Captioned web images
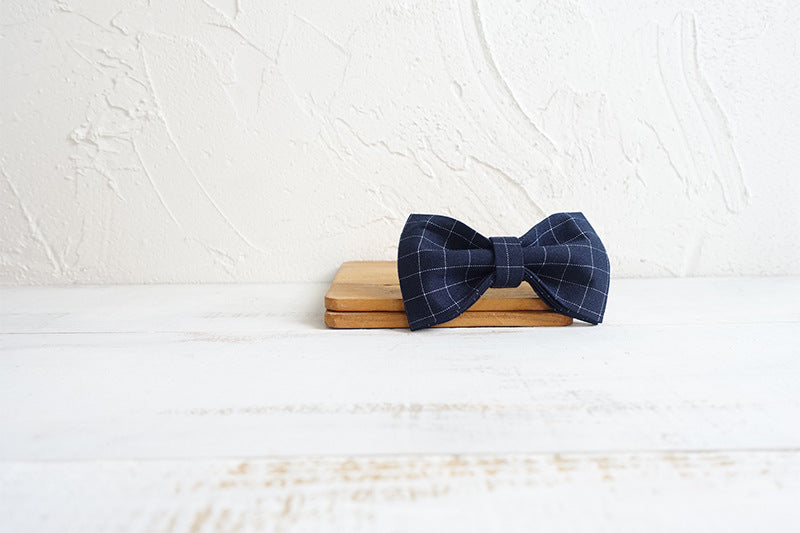 Comfortable double bow dog collar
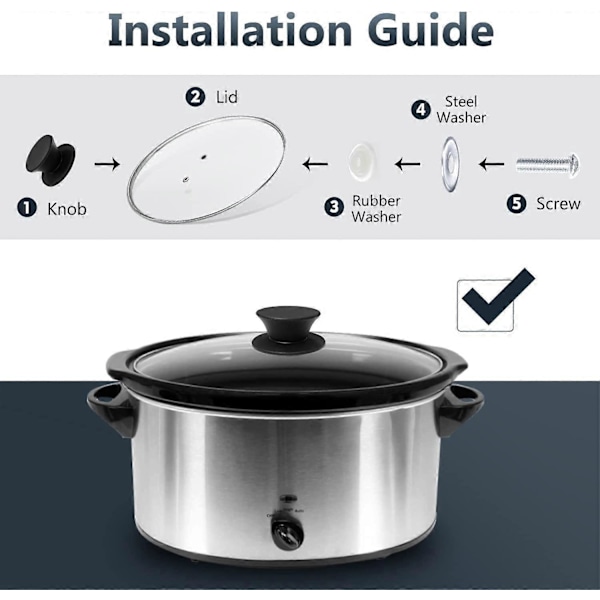 4-pak Universal Silikone Grydelåg Udskiftningsknapper, Varmebestandige Pandelåg Håndtag til Slow Cookers, Stegepander og Køkkenredskabslåg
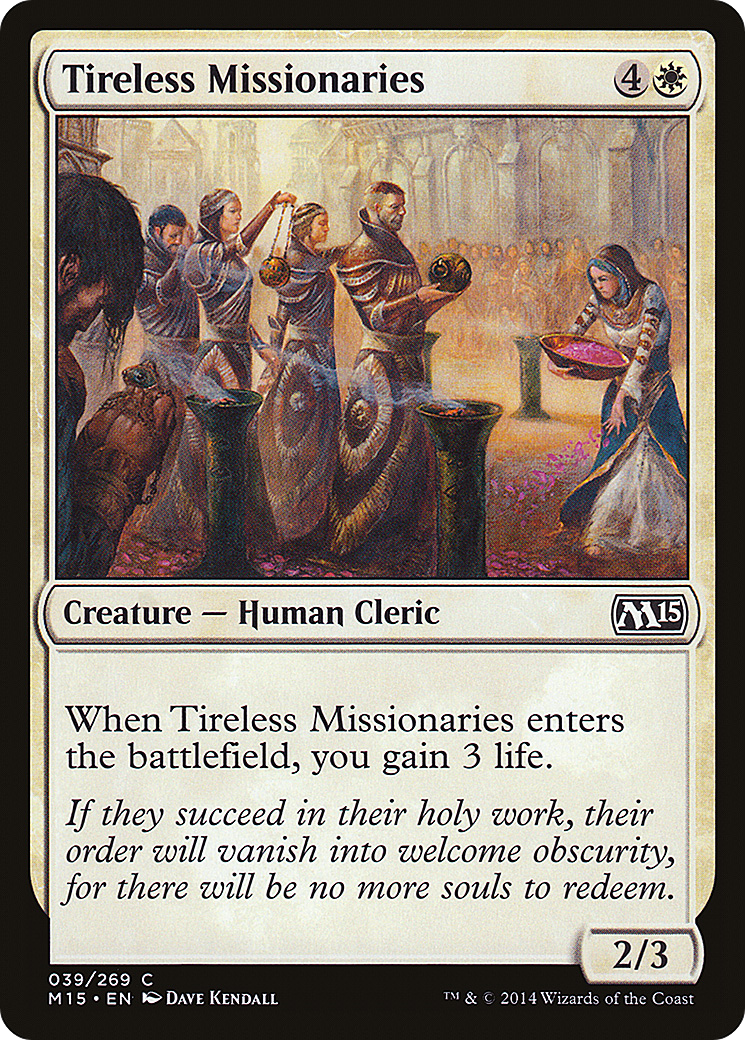 Tireless Missionaries (M15-039) [Magic 2015] Foil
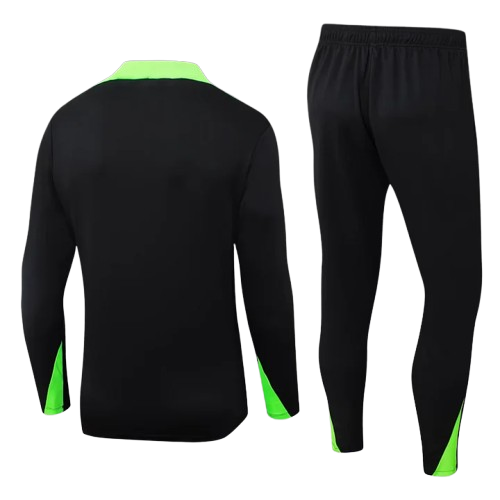 Brazil Black and Light Green Tracksuit
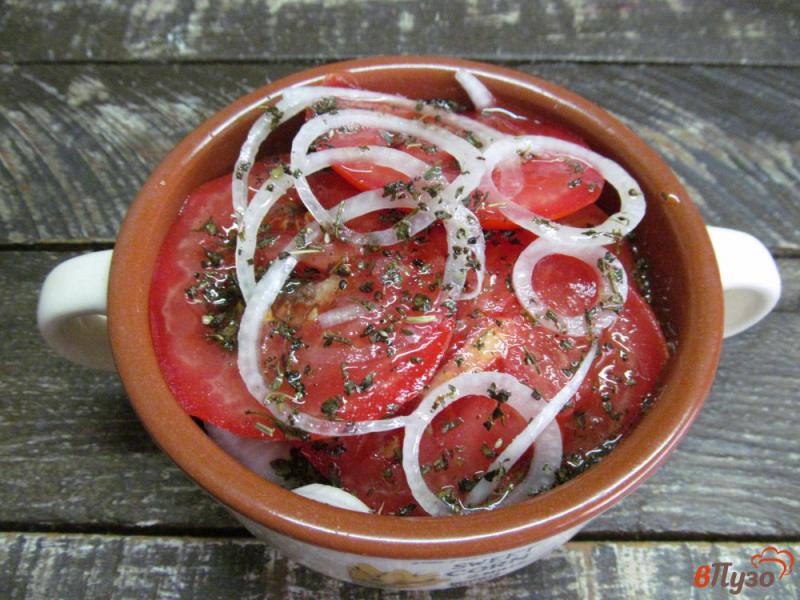 Фото приготовление рецепта: Закуска из помидоров под медовым соусом шаг №5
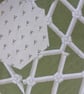Round cushion cover in green & cream patchwork Laura Ashley. Slightly imperfect. - Image 5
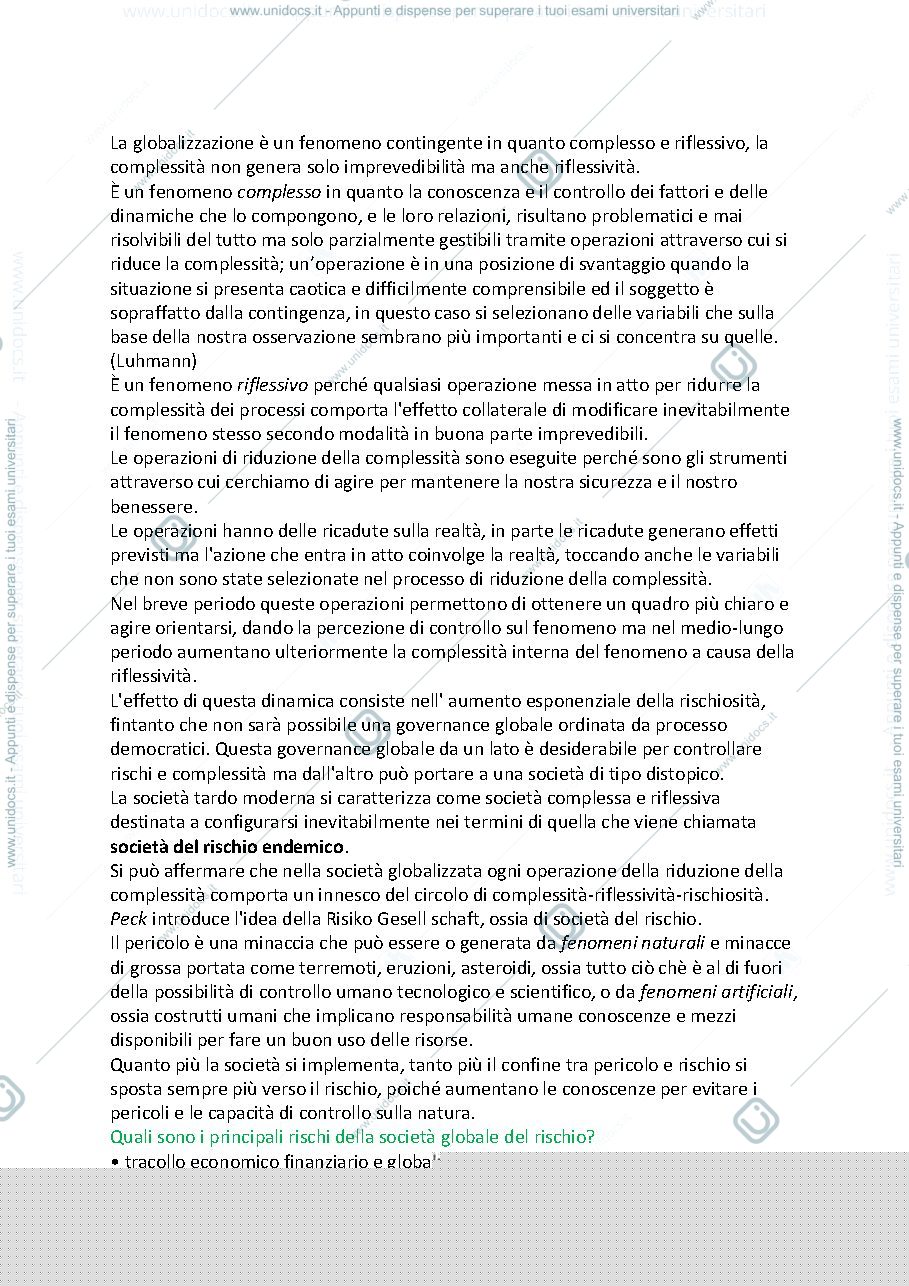 Anteprima pagina 3 — Sociologia dei processi culturali, prof. Scalon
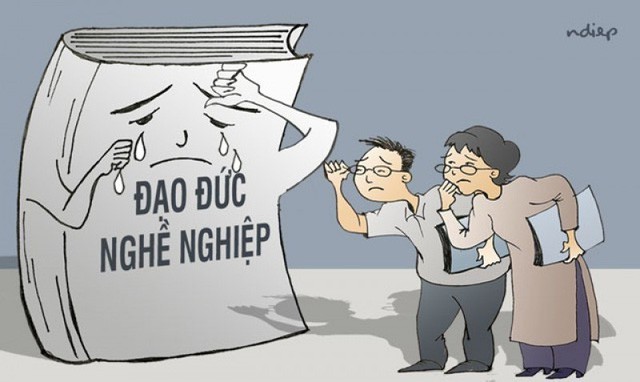 Bài 1: Đạo đức người giáo viên xuống cấp: Những con sâu làm rầu nồi canh - Ảnh 2.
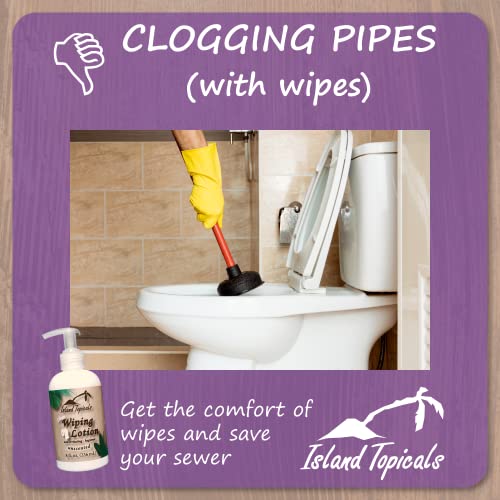 Island Topicals Wiping Lotion | Cleaner Toilet Paper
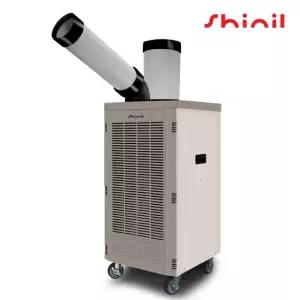 산업용 공업용 공장 주방 야외 공사장 창고 실속형 1구 실외기없는 코끼리 이동식 에어컨 SMA-PC3400WG DKM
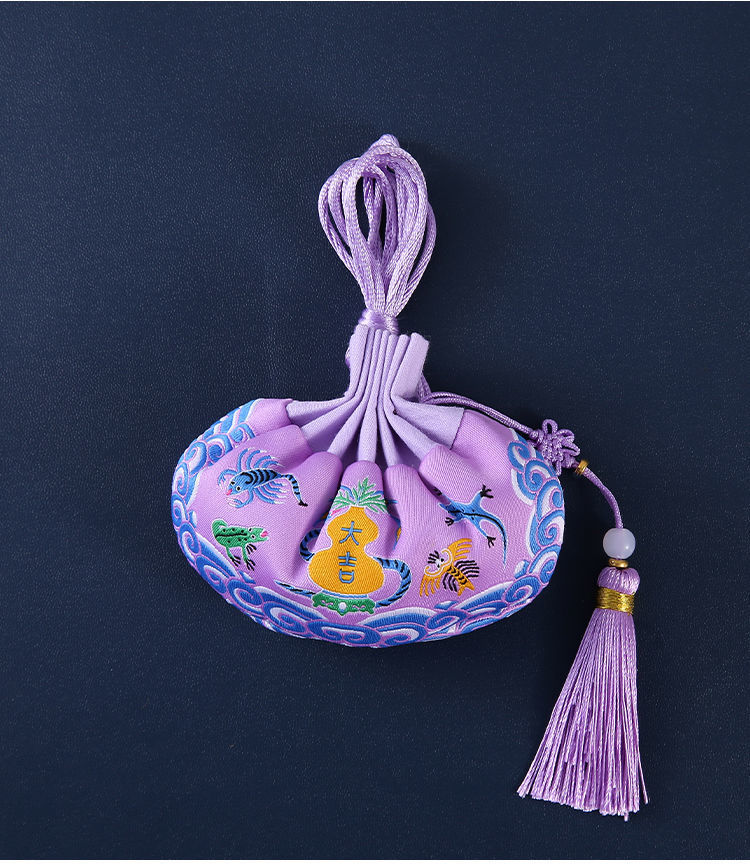 喜圣多新品端午安康挂件五毒香包端午节香袋空袋子汽车随身汉服配饰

_Directions_
Omit the pictures. Output every record above word for word.

_Response_
 Comfortable double bow dog collar
 4-pak Universal Silikone Grydelåg Udskiftningsknapper, Varmebestandige Pandelåg Håndtag til Slow Cookers, Stegepander og Køkkenredskabslåg
 Tireless Missionaries (M15-039) [Magic 2015] Foil
 Brazil Black and Light Green Tracksuit
 Фото приготовление рецепта: Закуска из помидоров под медовым соусом шаг №5
Round cushion cover in green & cream patchwork Laura Ashley. Slightly imperfect. - Image 5
 Anteprima pagina 3 — Sociologia dei processi culturali, prof. Scalon
 Bài 1: Đạo đức người giáo viên xuống cấp: Những con sâu làm rầu nồi canh - Ảnh 2.
 Island Topicals Wiping Lotion | Cleaner Toilet Paper
 산업용 공업용 공장 주방 야외 공사장 창고 실속형 1구 실외기없는 코끼리 이동식 에어컨 SMA-PC3400WG DKM
 喜圣多新品端午安康挂件五毒香包端午节香袋空袋子汽车随身汉服配饰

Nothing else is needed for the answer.